Oczywiście wszystkie te metody słono kosztują. I tak zaczyna się od próby - od 100 zł w górę. Najdrożej wychodzi przeszczep skóry - za to można wyłożyć nawet 10 tys. zł. O kilka tysięcy tańsze są techniki laserowe. Peeling skóry zamknie się natomiast w kilku setkach. Jednak nie wszystko jest takie proste...

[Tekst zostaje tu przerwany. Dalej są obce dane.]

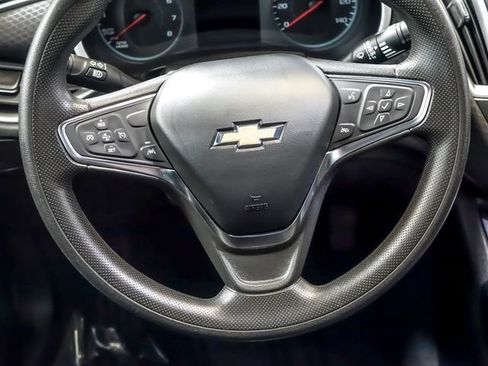 Used 2023 Chevrolet Malibu LT FWD image 18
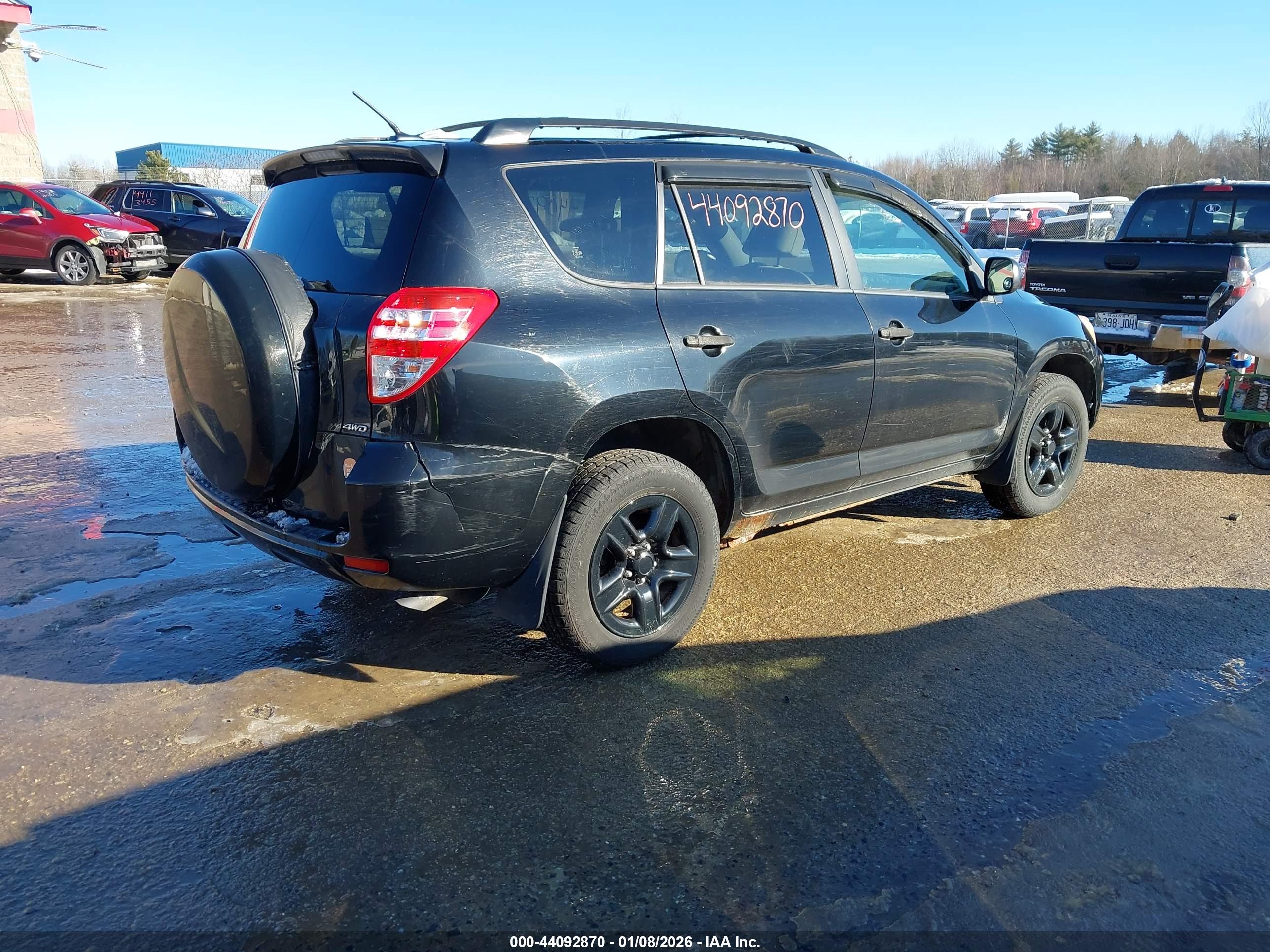 TOYOTA RAV4 image 4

- Po cięciach chirurgicznych pozostaje brzydka blizna, laserowy zabieg pozostawi również bliznę, tyle że trochę ładniejszą. Poza tym ze słyszenia wiem, że zabieg laserowy nie jest w stanie usunąć intensywnych kolorów, takich jak czarny czy czerwony - mówi Robert, tatuator ze Szczecina.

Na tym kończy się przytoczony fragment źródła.